Monthly Archives

May 1916

Did Lionel Kennedy get married to evade compulsory military service or just to pass the time away?

May 16, 1916

May 16, 1916

Dear Amy,

I got a letter from you on March 16 and it’s very newsy.

Did Lionel Kennedy get married to evade compulsory military service or just to pass the time away?

Fancy Ock being so handy! It all comes from when he used to drive nails into the capping block in the smithy. I often miss a good kit of tools.  When we were in Turkey I collected and made a few tools for muddling about with. I would get a good bit of amusement out of collecting brass and aluminium nose caps off the shells. I made a ring for a finger last week in the trenches from the driving band of a German shell and will send it to youth some curios when I get the chance,  We came out of the firing line last evening after ten days.  It was our fourth shift and we are getting used to the different warfare.  There is more shelling than we got against us in Turkey but being able to back clean out of it for as long as we have is great.  We get cleaned up and rested. We have to sleep in our fighting gear when in the trenches and get pretty dirty and anything but comfortable. We can take our clothes off during the day and get a wash.

We are getting leave and a pass to England next week and I am looking forward to it.  There are not a great many of the original battalion left now and the old hands are getting leave.  80% were lost in the first week in Turkey.

The weather is warming up nicely.  The crops have grown about a foot since we came.

The country is very pretty.

Love to all, Stid

Looking for a shell that didn’t explode

May 3, 1916

May 3, 1916

My dear Mother,

I got a couple of letters from home during the week.

Mrs Myers sent me some reading matter. That was nice of her, wasn’t it.

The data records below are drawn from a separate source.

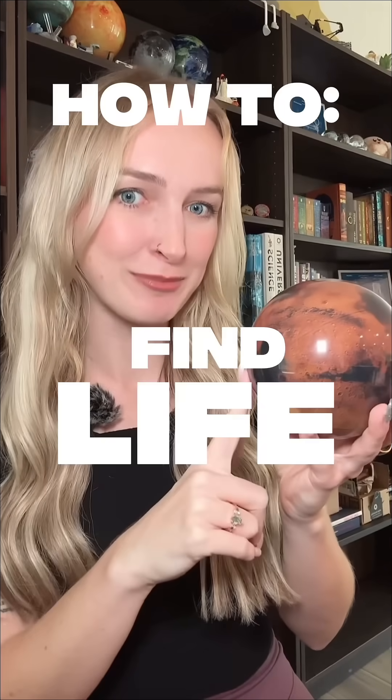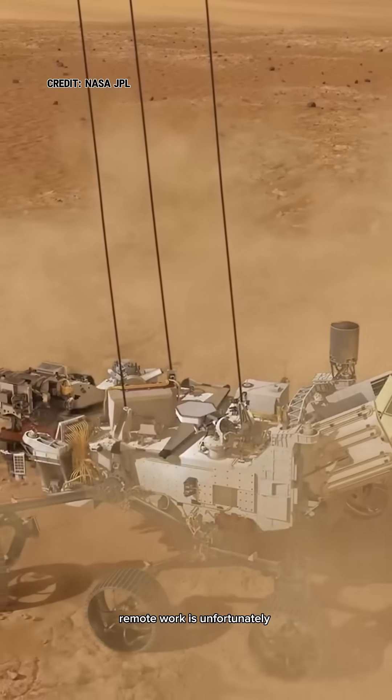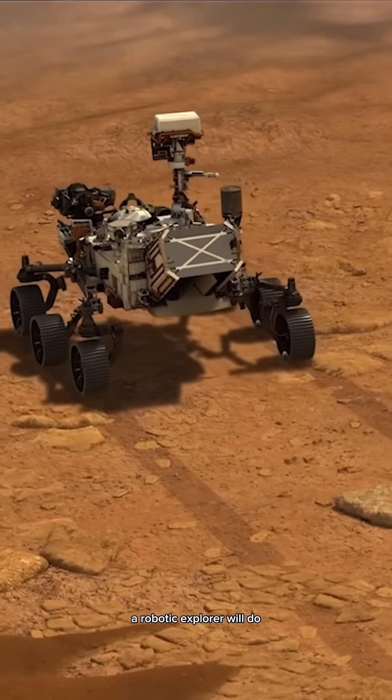Here's a step-by-step guide on how to find life on Mars and what to do when you think you have found it. Step one: we need to send an explorer to the red planet. Remote work is unfortunately just not going to cut it here. Because we haven't really figured out how to send humans to Mars yet, a robotic explorer will do.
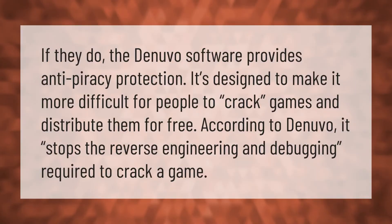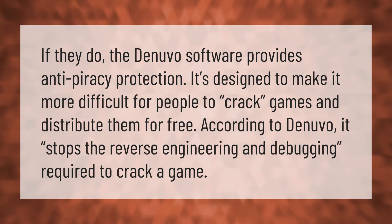The Denuvo software provides anti-piracy protection. It's designed to make it more difficult for people to crack games and distribute them for free. According to Denuvo, it stops the reverse engineering and debugging required to crack a game.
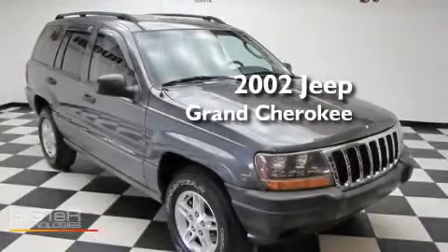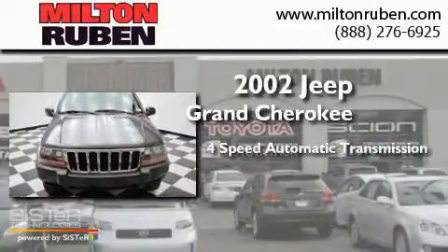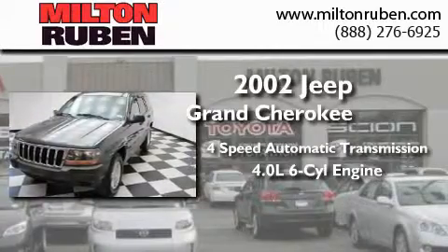This is a 2002 Jeep Grand Cherokee. This SUV has a four-speed automatic transmission and a 4.0-liter inline six-cylinder engine.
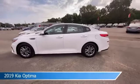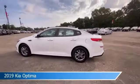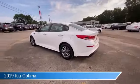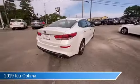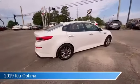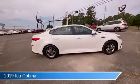Take a look at this 2019 Kia Optima, equipped with a 6-speed automatic with Sportmatic transmission in Snow White Pearl. This car comes with some great features including alloy wheels, brake assist, Android Auto, anti-lock brakes and more.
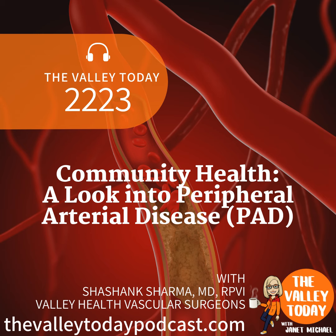Welcome back to the Valley Today. I am your host, Janet Michael. It is Community Health Day sponsored by Valley Health. Today we are talking with Dr. Sharma, a vascular surgeon with Valley Health Vascular Surgeons at Winchester Medical Center. September is Peripheral Arterial Disease — PAD — Awareness Month. We talked in the first segment about what it is, how common it is, and who's at risk. One of the things you mentioned was that if you have a blockage in your carotid artery, sometimes those symptoms look like a stroke.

The people here just finished putt in their crops and they are growing nicely.  They sow much heavier than we do and they come up very quickly like hedges.  The soil is soppy wet, 14” deep. I’ve been down that far looking for a shell that didn’t explode and stopped when I came to water.  In the little paddocks the grass is a couple of feet high- everything in blossom.  The place looks lovely.  They get the greatest wheat yield in the world about here.  There is not room for a big paddock but every space that is not built on is cropped.  All the trees have been planted in rows and are pruned each season for wood.

I have been in the trenches for three sessions.

There are a couple of McCormick reaper and binders near our line and there are single furrow plows everywhere.

I am to get a trip to England next week on furlough.  There are not a great many original men in the battalion and we are getting a holiday in any part of England we like – with a railway pass that will take us anywhere so the next letter you get will probably be written there.  I have a couple of addresses to go to there that Aunt Grace gave me.  We got the english papers one day old here so we are well off for news.

I think the Irish rebels want shooting very badly.

I saw 115 big shells drop round one of our guns recently.  Some did not explode and I lowered an ordinary shovel down the hole.  It made 12” to water.  How much further it went I do not know.  They make a very violent explosion when they go off.